Cuts and costs to balance the books

13th February 1998 at 00:00
NORFOLK is drawing up a draconian cuts package which, education chiefs have warned, may yet impact on school budgets.

John Holmes, the county's education committee chairman, said: "Our priority is to protect schools as much as we possibly can, but that has not made the other cuts and fee increases any more palatable." The county is consulting parents who will in future have to foot the bill for school transport.

CHESHIRE expects to impose a 20 per cent rise in band D council taxes - among the largest in the country. The county claims to have a shortfall of Pounds 16m following reorganisation and the creation of the Warrington and Halton unitary authorities, but has pledged to protect front-line services. However, free transport will end for the 16 to 19-year-old age group at a saving of Pounds 700,000.

In NOTTINGHAMSHIRE, more than Pounds 500,000 will be saved by adding 14p to the price of school meals, and primary schools will have to bear the Pounds 128,000 cost of swimming lessons. A further Pounds 133,000 will be clawed back by restricting the entitlement to clothing and footwear allowances.

Meanwhile, DEVON has been forced to put together a package of cuts including Pounds 400,000 from community education, Pounds 100,000 from youth projects and Pounds 40,000 in English language support.

The reimbursement of long-term cover for absent teachers will also be reduced from Pounds 82 to Pounds 77 per day.

HAMPSHIRE is considering a Pounds 3m spending cut. The biggest saving, of almost Pounds 900,000, will be made by restricting the availability of discretionary awards.

In DURHAM, cuts in education welfare and school meals staff will help to achieve savings of almost Pounds 1m. The cost of school meals and music tuition will also be raised.

SUFFOLK hopes to save Pounds 1.4m and is shedding community education officers, advisory teachers and other support staff. However, the county's education committee will be asked to open a new pupil behaviour support unit and provide more money for socially disadvantaged areas.

Duncan Macpherson, Suffolk's education committee chairman, said that the savings, money from reserves and extra funding from the policy committee would give a boost to schools' budgets of almost Pounds 10m.

Leeds is to close four old people's homes and scrap the planned refurbishment of others to protect schools.Education will receive an extra 5.8 per cent - Pounds 12.5 million - as councillors pass on in full the increase in education SSA. That includes Pounds 10.7m for school budgets and Pounds 1.5 million towards Standards Fund initiatives. But it means a Pounds 3.5m shortfall for social services and a Pounds 350,000 cut in grants to voluntary groups.

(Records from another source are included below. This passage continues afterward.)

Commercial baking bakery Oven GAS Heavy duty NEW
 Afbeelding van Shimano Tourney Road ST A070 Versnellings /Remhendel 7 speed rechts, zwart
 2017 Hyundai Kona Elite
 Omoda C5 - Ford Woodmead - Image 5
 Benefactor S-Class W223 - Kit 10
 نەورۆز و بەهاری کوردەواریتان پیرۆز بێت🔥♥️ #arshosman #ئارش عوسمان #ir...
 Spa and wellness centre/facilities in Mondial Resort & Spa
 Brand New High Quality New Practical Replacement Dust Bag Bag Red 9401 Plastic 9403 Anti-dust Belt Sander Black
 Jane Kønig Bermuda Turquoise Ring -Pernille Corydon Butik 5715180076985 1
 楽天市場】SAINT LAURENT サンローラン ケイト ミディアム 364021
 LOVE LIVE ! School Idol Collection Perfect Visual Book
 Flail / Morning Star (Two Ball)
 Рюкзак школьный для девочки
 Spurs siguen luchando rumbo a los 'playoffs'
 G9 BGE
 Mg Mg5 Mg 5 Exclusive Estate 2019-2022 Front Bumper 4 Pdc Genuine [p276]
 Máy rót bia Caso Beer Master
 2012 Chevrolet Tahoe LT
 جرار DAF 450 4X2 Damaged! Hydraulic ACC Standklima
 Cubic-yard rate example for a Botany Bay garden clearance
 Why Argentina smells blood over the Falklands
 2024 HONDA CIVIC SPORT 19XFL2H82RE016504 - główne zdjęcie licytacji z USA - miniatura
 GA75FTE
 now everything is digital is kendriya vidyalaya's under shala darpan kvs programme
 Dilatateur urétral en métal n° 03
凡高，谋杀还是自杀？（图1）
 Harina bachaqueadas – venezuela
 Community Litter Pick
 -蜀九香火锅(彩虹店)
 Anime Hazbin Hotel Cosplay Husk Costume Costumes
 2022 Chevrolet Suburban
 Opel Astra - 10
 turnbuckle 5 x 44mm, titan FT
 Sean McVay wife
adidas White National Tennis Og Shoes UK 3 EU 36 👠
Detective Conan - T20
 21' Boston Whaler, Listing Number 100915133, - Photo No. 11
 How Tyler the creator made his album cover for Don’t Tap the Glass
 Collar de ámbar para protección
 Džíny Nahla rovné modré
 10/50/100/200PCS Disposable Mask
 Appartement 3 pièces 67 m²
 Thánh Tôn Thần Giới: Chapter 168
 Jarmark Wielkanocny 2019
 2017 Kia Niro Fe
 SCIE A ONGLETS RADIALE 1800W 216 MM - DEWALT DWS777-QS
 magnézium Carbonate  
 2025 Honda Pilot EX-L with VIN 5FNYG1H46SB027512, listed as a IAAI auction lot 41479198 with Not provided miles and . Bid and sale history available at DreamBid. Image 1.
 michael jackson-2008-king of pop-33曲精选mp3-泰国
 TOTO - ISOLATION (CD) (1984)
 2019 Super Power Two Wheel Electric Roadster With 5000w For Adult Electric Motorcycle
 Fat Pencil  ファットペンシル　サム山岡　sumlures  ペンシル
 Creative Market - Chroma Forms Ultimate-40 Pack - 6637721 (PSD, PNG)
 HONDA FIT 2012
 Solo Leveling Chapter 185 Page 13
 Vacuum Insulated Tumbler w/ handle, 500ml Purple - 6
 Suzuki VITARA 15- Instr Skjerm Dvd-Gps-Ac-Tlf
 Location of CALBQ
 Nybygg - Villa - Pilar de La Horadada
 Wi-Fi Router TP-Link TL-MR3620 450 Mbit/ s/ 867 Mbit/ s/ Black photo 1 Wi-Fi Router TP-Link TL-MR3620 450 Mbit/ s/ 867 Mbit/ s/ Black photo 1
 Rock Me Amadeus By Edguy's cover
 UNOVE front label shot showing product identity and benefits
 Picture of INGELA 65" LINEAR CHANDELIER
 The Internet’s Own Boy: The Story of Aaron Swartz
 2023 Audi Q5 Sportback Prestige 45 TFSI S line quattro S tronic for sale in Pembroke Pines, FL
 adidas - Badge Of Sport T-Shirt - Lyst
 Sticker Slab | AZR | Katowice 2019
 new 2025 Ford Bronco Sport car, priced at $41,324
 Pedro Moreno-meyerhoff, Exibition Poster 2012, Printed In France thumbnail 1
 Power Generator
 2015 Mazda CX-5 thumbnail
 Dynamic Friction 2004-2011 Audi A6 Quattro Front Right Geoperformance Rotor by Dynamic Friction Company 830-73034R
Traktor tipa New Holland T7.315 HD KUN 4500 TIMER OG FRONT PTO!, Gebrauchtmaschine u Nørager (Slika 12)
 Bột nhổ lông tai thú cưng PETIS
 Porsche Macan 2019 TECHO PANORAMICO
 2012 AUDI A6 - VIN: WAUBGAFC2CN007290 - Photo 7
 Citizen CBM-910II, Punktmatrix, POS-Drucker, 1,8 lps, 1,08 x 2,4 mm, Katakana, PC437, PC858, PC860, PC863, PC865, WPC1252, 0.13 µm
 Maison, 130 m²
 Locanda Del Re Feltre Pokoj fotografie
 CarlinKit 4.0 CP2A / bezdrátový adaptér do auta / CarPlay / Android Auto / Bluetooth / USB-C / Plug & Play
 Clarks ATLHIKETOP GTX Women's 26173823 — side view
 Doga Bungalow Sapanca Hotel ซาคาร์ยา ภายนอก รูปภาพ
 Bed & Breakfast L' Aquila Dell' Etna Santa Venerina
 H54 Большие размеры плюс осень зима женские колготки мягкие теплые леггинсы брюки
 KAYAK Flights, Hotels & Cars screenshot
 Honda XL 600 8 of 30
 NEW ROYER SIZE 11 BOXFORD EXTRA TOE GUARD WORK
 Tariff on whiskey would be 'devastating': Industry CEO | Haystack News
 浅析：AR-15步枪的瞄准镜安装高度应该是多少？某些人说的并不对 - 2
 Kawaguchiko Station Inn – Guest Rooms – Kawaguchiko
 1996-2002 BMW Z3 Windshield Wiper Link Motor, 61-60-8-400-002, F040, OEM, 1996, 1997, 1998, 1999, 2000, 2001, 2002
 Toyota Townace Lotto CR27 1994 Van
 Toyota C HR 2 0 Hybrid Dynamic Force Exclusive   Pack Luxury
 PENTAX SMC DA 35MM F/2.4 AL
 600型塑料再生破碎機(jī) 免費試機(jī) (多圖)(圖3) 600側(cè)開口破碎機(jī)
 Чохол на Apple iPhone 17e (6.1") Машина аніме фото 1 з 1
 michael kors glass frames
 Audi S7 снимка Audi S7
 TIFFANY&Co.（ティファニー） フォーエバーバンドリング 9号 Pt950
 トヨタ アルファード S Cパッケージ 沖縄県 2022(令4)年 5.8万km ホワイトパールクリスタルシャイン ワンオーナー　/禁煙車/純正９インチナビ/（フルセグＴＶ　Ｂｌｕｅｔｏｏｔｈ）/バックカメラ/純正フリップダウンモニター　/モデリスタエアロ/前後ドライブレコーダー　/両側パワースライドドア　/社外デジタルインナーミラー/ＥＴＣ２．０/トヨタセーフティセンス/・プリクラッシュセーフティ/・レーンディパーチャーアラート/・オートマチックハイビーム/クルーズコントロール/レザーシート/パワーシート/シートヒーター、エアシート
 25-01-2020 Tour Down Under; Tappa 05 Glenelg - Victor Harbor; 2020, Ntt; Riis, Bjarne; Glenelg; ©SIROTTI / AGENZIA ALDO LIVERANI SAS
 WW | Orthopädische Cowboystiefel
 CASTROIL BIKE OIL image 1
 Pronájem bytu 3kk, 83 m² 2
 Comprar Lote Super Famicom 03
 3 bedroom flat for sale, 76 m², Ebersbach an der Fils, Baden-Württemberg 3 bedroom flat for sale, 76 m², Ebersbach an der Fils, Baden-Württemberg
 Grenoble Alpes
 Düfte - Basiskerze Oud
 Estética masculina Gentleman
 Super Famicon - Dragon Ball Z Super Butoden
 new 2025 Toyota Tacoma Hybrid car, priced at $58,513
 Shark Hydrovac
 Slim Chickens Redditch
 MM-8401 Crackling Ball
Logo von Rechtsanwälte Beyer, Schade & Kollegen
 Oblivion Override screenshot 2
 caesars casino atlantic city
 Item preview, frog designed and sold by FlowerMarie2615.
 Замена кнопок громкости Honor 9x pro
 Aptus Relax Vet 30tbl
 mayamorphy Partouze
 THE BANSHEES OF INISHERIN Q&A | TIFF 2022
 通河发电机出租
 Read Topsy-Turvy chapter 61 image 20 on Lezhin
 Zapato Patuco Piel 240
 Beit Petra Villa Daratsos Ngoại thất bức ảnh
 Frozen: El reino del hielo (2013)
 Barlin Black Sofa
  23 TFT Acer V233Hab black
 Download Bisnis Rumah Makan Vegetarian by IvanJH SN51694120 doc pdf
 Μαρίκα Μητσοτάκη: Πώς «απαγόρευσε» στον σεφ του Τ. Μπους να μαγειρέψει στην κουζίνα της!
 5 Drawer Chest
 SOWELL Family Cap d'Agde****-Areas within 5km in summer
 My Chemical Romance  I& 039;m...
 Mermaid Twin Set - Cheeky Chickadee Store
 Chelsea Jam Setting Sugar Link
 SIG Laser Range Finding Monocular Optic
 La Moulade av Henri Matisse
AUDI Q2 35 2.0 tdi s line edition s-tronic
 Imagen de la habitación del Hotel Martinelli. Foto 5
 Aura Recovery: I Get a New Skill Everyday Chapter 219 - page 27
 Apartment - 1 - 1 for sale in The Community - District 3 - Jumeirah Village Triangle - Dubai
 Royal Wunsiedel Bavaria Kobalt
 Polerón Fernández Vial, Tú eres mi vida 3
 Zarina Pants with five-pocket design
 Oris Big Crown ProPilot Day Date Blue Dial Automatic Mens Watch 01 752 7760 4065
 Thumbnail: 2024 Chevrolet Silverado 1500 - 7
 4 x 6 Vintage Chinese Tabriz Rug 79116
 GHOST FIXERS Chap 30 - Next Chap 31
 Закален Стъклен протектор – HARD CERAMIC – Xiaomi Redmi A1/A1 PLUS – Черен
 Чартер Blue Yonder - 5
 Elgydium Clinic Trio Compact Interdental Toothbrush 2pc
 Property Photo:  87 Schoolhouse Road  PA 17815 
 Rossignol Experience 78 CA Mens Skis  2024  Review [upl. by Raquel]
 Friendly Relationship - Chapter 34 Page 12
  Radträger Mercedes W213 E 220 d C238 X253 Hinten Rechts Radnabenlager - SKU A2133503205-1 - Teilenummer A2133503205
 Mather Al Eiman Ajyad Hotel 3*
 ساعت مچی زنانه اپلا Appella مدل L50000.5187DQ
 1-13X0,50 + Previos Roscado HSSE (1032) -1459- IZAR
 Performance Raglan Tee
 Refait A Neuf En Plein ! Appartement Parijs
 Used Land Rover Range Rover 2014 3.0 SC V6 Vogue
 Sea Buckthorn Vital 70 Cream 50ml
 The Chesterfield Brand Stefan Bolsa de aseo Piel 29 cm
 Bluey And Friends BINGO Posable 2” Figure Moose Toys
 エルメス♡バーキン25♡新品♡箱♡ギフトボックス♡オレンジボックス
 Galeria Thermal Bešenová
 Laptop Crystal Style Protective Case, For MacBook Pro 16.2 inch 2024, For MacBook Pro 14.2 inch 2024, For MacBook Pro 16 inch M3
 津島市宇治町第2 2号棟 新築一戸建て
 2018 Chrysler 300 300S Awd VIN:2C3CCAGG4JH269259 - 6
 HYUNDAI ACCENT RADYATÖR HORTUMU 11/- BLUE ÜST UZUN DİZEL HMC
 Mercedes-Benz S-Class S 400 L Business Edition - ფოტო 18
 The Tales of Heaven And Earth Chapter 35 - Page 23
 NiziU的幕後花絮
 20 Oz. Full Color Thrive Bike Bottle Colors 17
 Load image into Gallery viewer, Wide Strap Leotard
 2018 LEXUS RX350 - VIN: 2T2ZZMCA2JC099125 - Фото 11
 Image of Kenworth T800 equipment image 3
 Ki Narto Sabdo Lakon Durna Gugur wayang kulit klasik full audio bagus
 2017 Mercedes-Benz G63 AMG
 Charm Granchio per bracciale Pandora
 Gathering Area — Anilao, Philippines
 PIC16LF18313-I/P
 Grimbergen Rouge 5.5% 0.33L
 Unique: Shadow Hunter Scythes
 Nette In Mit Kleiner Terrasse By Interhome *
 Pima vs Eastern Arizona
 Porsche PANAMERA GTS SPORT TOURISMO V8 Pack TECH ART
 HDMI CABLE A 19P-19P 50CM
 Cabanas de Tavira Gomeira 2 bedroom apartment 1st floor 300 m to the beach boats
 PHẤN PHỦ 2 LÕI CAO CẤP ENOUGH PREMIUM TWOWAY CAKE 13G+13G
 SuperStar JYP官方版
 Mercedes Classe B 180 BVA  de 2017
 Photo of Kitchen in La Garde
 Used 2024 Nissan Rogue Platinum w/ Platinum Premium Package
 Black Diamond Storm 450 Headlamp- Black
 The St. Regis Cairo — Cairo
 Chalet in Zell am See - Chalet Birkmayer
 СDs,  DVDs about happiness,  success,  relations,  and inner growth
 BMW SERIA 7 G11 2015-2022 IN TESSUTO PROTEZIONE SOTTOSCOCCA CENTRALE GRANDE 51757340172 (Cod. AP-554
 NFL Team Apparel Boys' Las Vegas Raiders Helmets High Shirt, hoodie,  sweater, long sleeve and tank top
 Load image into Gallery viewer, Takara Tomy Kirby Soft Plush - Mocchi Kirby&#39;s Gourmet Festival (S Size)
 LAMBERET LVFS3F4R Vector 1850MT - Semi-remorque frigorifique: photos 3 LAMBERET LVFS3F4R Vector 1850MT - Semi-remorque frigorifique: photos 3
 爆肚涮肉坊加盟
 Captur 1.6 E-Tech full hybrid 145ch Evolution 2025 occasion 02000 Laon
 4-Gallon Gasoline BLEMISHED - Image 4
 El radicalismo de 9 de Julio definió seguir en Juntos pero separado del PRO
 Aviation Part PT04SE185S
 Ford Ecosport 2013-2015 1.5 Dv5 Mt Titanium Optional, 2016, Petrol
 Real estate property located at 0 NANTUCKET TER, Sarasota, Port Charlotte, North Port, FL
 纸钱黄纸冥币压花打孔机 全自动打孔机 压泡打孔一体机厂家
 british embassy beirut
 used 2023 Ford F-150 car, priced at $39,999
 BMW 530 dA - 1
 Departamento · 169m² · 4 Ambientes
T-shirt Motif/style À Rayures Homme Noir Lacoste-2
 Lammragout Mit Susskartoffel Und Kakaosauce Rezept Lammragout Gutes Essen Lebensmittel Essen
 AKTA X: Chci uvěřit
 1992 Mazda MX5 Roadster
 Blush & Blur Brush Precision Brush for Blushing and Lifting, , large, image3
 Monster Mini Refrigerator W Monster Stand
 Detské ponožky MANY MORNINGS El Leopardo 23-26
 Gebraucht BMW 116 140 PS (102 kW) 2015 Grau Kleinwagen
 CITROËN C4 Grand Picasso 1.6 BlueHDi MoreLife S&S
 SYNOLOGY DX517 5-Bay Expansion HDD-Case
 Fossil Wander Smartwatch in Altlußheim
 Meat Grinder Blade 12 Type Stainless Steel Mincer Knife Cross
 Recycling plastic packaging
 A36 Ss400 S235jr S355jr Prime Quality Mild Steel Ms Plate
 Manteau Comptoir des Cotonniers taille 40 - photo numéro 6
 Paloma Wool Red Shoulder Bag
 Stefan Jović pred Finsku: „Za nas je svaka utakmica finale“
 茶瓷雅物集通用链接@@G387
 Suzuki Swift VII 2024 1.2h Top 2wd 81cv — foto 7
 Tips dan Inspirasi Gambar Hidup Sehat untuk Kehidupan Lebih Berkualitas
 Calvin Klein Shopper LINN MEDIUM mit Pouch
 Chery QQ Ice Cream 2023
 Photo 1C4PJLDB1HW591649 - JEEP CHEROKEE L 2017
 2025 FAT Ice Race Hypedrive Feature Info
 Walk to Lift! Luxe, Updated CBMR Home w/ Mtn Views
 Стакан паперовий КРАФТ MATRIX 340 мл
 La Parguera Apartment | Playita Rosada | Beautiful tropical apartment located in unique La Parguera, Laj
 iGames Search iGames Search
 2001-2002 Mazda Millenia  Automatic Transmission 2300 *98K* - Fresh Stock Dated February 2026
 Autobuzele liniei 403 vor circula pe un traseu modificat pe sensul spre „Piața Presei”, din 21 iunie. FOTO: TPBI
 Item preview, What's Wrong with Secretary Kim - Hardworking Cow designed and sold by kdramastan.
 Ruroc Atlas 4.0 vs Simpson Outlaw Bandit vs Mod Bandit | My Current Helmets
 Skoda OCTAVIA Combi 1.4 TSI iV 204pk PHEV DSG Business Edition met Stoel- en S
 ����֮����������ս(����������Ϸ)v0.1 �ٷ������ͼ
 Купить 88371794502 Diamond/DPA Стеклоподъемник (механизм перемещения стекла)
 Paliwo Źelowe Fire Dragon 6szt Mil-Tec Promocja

SOUTHAMPTON plans to raise education spending by 5.7 per cent, with all the Government's increase in SSA passed on to the service. The new unitary authority's literacy projects will be among the beneficiaries - but leisure and other services will suffer.

DERBY is also passing on the full 5.4 per cent increase in its education SSA - Pounds 4.7 million. But the rest of the city's services face cuts to Pounds 3.4m, with leisure again bearing the brunt.

And not all of Derby's education service will be protected. Cuts are needed in adult education and the youth service, including the Education for All access programme.

NEWHAM in east London sees its education budget increase by 8.7 per cent or Pounds 11.4m, with another Pounds 5m for one-off projects on top. As well as funding the teachers' pay award and rising pupil numbers, it will bankroll major improvements to early-years education including a trained teaching assistant for every reception class, more permanent teachers and an earlier start for summer-born children.

But in Tory WANDSWORTH, an SSA increase of just 2.2 per cent will mean larger class sizes.

SANDWELL in the West Midlands is trumpeting "the best government cash settlement in years". It is putting Pounds 3.7m above inflation into education - but only Pounds 1m of that will go directly to schools.